2001 / 30 nov 2017 13:53
Según una crónica de 1806, o sea cuatro años antes del inicio de la guerra de Independencia, se leía: “Los cafés no han servido en México sino para almorzar y formar un rato de tertulia; las disensiones literarias empiezan ya a tener lugar en ellos” (La Gaceta). Si bien los cafés habían nacido en la ciudad a fines de siglo xviii, es en el xix cuando adquieren carta de residencia. El primer local de que se tiene noticia (se habla de otros pero los datos no son confiables) es el Café de Manrique, “establecido en 1789 en la calle del mismo nombre (hoy República de Chile) y que llegó hasta 1911”, refiere Clementina Díaz y de Ovando en su libro.
Lo cierto es que ya desde la primera década del xix había en la ciudad un número importante de cafés. Sin embargo sólo pisamos tierra firme en cuestión de documentación varios años después de la declaración de Independencia y de manera más precisa en el decenio de los treinta. Algunos cafés eran punto de convergencia, como el Café del Sur.

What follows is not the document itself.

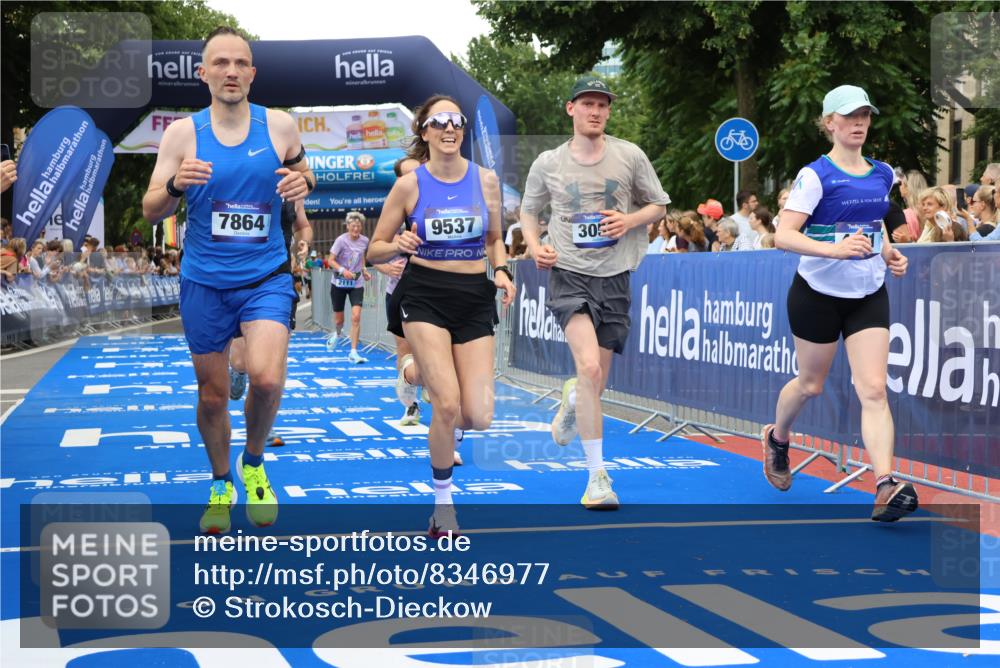 29.06.2025 - hella hamburg halbmarathon Strokosch-Dieckow http://msf.ph/oto/8346977 29.06.2025 10:53:05 Ziel 2111, 2208, 3059, 3258, 3334, 4121, 7383, 7509, 7864, 8273, 8587, 9093, 9537, 12155, 12367, 12519, 12910, 14323, 14791, 16929, 16986, 18590, 19208 meine-sportfotos.de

Es el establecimiento sobre el que Guillermo Prieto se extiende más es sus espléndidas y coloridas Memorias de mis tiempos, retrato excepcional de la vida y la sociedad capitalinas entre 1828 y 1852. El comercio se hallaba situado en el portal de los Agustinos, a un costado de la Plaza Mayor, en la calle Tlapaleros, y el rubro estaba escrito en una de las vidrieras. En la década de los treinta se reunía allí –dice Prieto– “lo mejor y más granado de nuestra sociedad”.[7] Si lo mejor y más granado es lo que él enumera no andaría muy bien la sociedad postindependentista. Revísese parte de los asistente que enlista Prieto: “Militares retirados y en servicio, tahúres en asueto, vagos consuetudinarios, abogados sin bufete, politiqueros sin ocupación, clérigos mundanos y residuos de cavachuelas, garitos y juzgados civiles y criminales”. Por fortuna, o por un nuevo infortunio, añade en esta lista políticos, toreros, literatos y gente de teatro. Pero los literatos de que habla Prieto son más bien, por lo que expone, aficionados o lectores de literatura que se entusiasmaban con la lírica de los poetas sonoros de la época (Tagle, Navarrete, Couto y Carpio).
El local era escueto y pobre. En su interior había mesas de madera corriente cubiertas de hule y las sillas de tule. Difícilmente entraba la luz a través de las vidrieras. El local tenía dos puertas de entrada y un gran farol entre las dos puertas.